A segunda coincidência, diz respeito ao convite para trabalhar na Unisul. Ele ocorreu ao final de três meses de palestras para acadêmicos de todos os turnos sobre os 50 anos da Declaração Universal dos Direitos Humanos nos campi de Araranguá e Tubarão, concluindo no Clube Sete de Setembro, em Palhoça.
O velho xamã e Victor Jara: nações filhas da natureza
Vim do interior. Foi uma das primeiras viagens com minha esposa e meu filho aqui no litoral. Paramos na aldeia guarani do Morro dos Cavalos para um papo com o velho xamã. Como surpresa, encontramos um outdoor de compromisso da Unisul com o povo originário guarani.
Mais tarde, eu me dedicaria no aprofundamento da interação acadêmica com esse povo originário, desta feita agregando um viés mais científico. Na despedida, o velho sábio me emocionou dizendo que por ter casado não deixaria de ser o padre de sempre, um xamã junto de sua gente. Essa declaração e aquele outdoor iluminaram meu fio condutor nos três meses de encontros sobre os Direitos Humanos.
A propósito, enquanto me preparava para escrever essas reflexões, estive ouvindo e vendo algumas músicas de Victor Jara e Joan Baez no Youtube, nos endereços sugeridos por meus filhos e meus alunos. Victor Jara me levou às sabedorias originárias latino-americanas e caribenhas que nesses últimos anos insistem - inclusive na COP 17 e debates em Durban na África do Sul - que as nações voltem com urgência a tratar a terra como filhas da natureza.
Até parece que essas lideranças originárias participaram do final daquela roda acadêmica na Unisul em 1998 quando lemos numa lâmina: “é hora de passar dos Direitos Humanos aos Direitos da Terra”.
Joan Baez, Montesinos , Boff: por uma grande família cósmica!
É comovedor constatar que, quem se acha autorizado a estimular a volta a essa relação, são descendentes dos povos tornados escravos pela colonização européia. Por coincidência, nesse dezembro, se comemoram os 500 anos do histórico sermão de Montesinos de 1511.
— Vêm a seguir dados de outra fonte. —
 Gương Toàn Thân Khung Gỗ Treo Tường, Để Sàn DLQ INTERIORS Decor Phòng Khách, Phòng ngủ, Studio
Considerado o “embrião” da Carta da ONU de 1948, na homilia escrita, o frade dominicano denunciou a exploração dos nativos e reivindicou a sua dignidade como filhos e filhas de Deus: "com que direito e com que justiça esses índios são mantidos em servidão tão cruel e horrível? Acaso eles não são homens?"
À voz dos povos originários da Ameríndia, em favor da Mãe Terra, juntaram-se nesses dias também os africanos como Desmond Tutu insistindo que "esse é o único lar que temos”. Sob os embalos e a voz romântico-indignada de Joan Baez, pensei fechar essa reflexão bem ao seu estilo, não só trazendo o grito da Conferência de Durban por "Justiça Climática Já!” como também o apelo do filósofo catarinense Leonardo Boff por nossa urgente ampliação conceitual de inclusão do universo, como o fazem ainda hoje os povos originários quando seguem seus xamãs.
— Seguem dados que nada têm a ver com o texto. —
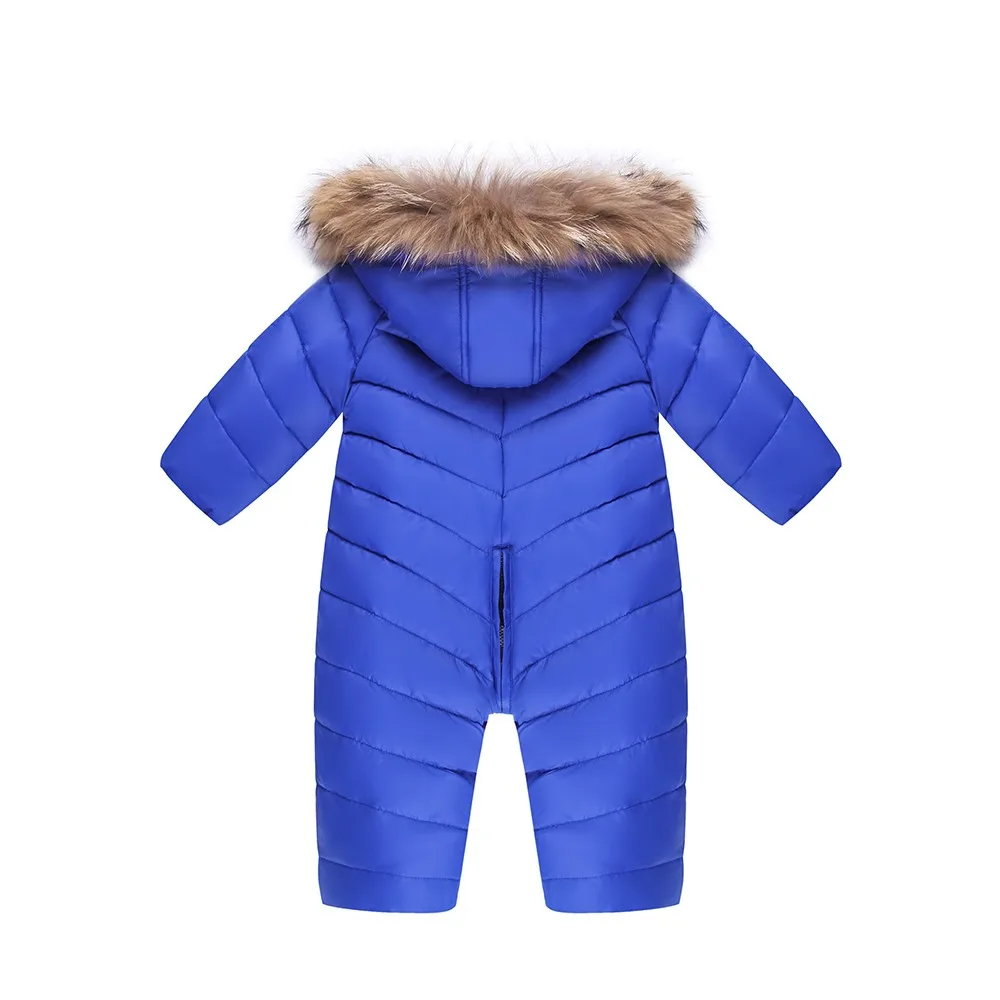 Children Winter Jumpsuit Fleece Rompers Girl Winter Coat Hooded Baby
Damo-nos, dessa forma, o direito dos direitos de nos sentirmos unidos ao universo, como irmãos e irmãs das estrelas, formando uma grande família cósmica levando uma vida sustentável, serena e cheia de sentido. O uso desse direito, tanto nos faz silenciar diante da grandeza do mar, vibrar diante do olhar da pessoa amada como estremecer face a um recém-nascido, como nos indignar contra a necrocracia. É uma ótima receita diciológica para o novo que renasce teimoso em 2012.